┌──

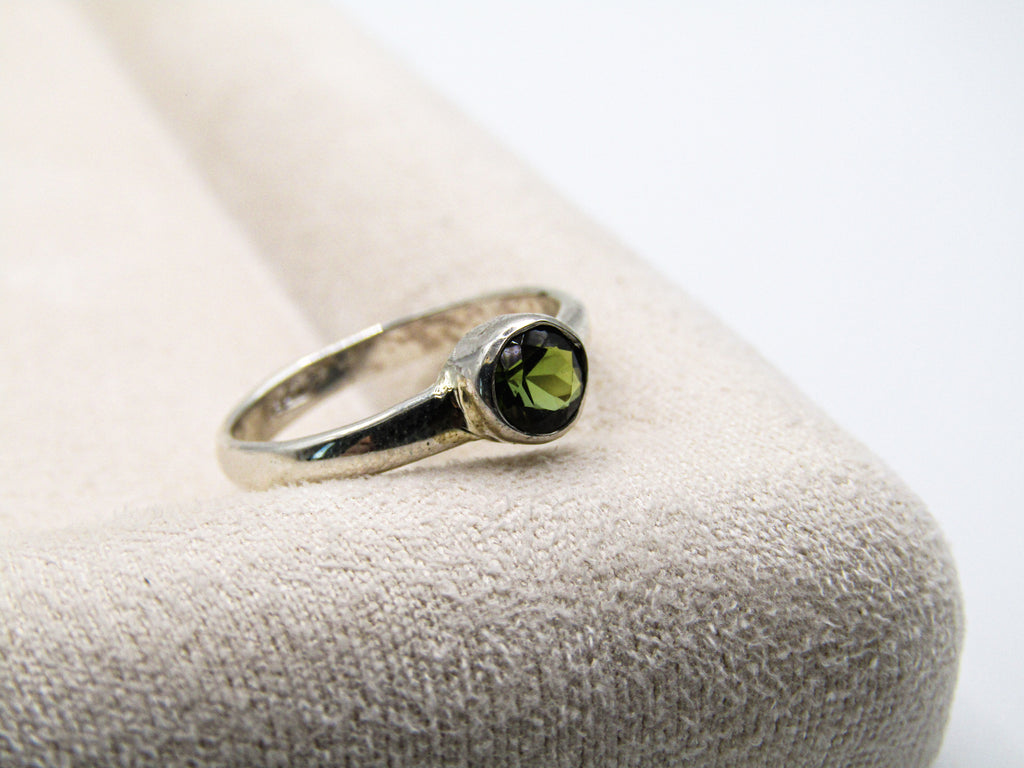 Silver ring with a green gemstone on a textured surface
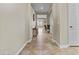 Hallway with tiled floors, neutral paint, and decor at 1588 E Sweet Citrus Dr, Queen Creek, AZ 85140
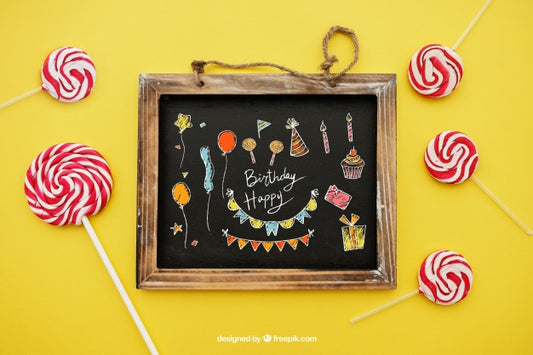 Free Birthday Concept With Lollipops And Slate Psd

└──

### [Required action]
Repeat the data above exactly, leaving out any pictures it holds.

### [Solution below]
 Silver ring with a green gemstone on a textured surface
 Hallway with tiled floors, neutral paint, and decor at 1588 E Sweet Citrus Dr, Queen Creek, AZ 85140
 Free Birthday Concept With Lollipops And Slate Psd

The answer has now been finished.